Despite organizing with fellow renters, and winning some legal fights with her landlord, in 2022 she decided to move out of the home — and the city — because she says she was tired of fighting on two different fronts.
"Throughout this, I contacted the city and I don't feel like the city really had the staff to support what I needed from them," Anderson said. "That was to get behind and support me, make sure that my landlord was doing what they need to do."
She is now one of 10 plaintiffs from across north Minneapolis alleging that the way the city approaches rental housing code enforcement on the northside amounts to racial discrimination.

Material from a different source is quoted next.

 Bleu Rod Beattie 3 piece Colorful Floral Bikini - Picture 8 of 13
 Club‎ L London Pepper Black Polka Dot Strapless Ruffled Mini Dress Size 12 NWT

"There are far more housing code complaints from north Minneapolis and yet the city chooses to assign roughly the same number of housing inspectors to that neighborhood as other neighborhoods in the city where there are fewer housing code complaints," said Ben Kappelman one of the attorneys with Dorsey & Whitney that filed the lawsuit this week. "That's racial discrimination because this is also the area of the city with the highest percentage of individual renters who are people of color."
According to the complaint, Ward 4 and Ward 5 in north Minneapolis are home to roughly 16 percent of Minneapolis residents, but city data shows the area accounts for 45 percent of rental complaints in the last five years. The same data also indicates 85 to 88 percent of those complaints were resolved.
"Our individual plaintiffs, from their experience, know that that's not true," Kappelman said. "They are making complaints to the city that are marked resolved in the system, but they haven't seen a resolution in their neighborhood."
"There was an incident in 2018 where I had the city come out to check my house for lead," Anderson said. "He went in my home, he checked on wall and he said, 'There's no lead in here. I'm sure because I know the people who own this house, they're great people. They would never do that.'"
After she and other tenants organized against their landlord a few years later, Anderson says the city did come out again and confirm the presence of lead. Though her family has since moved on, she says her goal now isn't a settlement, it's about enacting change for whoever moves in next.
"I would like for them to hold these landlords accountable," Anderson said.
"This is really about getting the court to force the city to change," Kappelman said. "To change the way it staffs it's housing inspectors, to change the way that it's enforcing the housing code and make sure that north Minneapolis is getting the same public services that the rest of the city is getting."
A spokesperson for the city of Minneapolis sent KARE 11 the following statement in response to the lawsuit:
"The City is still reviewing the Complaint but denies that it discriminates against BIPOC renters. The City works cooperatively with landlords to try to remedy issues on rental properties in order to protect tenants, minimize the loss of low income rental housing, and avoid displacing residents."